*Data records:*
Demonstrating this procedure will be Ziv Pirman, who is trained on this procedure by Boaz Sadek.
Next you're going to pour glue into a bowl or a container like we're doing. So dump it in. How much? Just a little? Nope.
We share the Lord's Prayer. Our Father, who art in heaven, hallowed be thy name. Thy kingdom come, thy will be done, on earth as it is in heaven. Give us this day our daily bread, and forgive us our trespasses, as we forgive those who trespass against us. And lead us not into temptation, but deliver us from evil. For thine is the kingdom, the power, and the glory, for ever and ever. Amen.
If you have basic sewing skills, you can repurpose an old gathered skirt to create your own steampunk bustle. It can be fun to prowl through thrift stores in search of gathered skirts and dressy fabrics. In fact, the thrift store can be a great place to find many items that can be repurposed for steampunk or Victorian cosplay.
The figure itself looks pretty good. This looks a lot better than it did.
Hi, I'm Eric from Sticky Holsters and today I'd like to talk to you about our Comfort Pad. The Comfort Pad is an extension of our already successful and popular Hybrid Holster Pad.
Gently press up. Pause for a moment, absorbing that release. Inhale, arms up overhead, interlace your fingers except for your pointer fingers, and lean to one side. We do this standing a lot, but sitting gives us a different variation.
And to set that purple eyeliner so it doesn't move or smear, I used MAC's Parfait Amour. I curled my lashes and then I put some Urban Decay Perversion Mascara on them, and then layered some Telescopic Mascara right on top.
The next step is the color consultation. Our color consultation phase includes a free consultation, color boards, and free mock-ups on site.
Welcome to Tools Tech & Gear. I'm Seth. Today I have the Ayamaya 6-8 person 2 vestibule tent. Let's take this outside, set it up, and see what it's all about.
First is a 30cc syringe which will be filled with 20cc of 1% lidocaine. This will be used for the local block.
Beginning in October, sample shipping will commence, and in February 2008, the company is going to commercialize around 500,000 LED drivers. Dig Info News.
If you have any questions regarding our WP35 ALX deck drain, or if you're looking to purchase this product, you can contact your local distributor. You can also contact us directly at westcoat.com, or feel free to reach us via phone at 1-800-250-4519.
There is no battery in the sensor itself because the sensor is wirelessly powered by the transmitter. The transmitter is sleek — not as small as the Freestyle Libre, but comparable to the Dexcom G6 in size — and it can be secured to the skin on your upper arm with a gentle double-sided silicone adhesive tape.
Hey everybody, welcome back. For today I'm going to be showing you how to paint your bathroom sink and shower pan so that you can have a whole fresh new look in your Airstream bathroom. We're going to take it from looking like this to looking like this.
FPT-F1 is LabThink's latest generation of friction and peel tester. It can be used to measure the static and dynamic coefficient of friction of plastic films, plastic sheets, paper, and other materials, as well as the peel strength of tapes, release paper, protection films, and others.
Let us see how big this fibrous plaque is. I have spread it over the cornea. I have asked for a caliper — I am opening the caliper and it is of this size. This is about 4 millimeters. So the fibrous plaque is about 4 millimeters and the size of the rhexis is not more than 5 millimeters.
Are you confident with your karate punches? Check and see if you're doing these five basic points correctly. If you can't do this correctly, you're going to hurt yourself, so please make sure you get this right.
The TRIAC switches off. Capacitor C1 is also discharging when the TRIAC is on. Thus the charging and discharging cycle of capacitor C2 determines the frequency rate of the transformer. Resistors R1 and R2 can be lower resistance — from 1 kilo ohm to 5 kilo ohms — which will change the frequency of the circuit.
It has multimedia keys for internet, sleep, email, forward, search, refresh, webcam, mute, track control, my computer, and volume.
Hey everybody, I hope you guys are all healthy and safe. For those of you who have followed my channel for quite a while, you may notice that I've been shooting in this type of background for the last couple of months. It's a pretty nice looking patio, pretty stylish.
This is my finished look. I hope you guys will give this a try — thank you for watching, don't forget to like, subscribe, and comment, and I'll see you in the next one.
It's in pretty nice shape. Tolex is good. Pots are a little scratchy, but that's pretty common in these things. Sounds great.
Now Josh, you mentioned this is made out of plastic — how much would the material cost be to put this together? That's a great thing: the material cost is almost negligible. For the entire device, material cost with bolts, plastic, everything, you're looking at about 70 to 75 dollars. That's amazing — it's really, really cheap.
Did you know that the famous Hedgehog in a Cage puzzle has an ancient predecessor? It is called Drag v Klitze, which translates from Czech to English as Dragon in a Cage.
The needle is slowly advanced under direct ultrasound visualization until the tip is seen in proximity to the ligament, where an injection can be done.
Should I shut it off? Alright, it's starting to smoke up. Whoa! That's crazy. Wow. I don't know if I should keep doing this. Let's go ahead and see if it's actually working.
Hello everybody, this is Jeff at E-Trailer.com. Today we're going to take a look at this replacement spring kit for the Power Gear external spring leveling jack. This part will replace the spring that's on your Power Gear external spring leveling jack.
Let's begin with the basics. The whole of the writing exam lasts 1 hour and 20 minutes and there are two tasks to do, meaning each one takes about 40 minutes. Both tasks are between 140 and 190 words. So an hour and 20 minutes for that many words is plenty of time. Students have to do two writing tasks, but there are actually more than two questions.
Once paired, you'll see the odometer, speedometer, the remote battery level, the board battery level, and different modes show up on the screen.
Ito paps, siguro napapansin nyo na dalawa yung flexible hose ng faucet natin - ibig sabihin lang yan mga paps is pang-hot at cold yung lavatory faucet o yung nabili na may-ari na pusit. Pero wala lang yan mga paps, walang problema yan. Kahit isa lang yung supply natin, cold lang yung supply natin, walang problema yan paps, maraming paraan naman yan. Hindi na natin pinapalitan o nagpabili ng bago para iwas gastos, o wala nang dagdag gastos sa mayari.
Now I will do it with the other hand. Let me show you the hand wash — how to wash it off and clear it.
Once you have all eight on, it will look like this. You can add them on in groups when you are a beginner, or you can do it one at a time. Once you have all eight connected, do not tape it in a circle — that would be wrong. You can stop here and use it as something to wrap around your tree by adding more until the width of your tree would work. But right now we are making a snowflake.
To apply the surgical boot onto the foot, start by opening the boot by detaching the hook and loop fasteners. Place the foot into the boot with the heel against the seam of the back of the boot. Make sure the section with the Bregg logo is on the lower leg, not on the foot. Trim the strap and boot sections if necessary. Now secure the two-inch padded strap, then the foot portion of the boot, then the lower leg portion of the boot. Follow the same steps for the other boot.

*Description of the task:* Return each line exactly, beginning at the start of the material above and ending at the line that includes "Next you're going", with both of those kept.

*Written response:*
Demonstrating this procedure will be Ziv Pirman, who is trained on this procedure by Boaz Sadek.
Next you're going to pour glue into a bowl or a container like we're doing. So dump it in. How much? Just a little? Nope.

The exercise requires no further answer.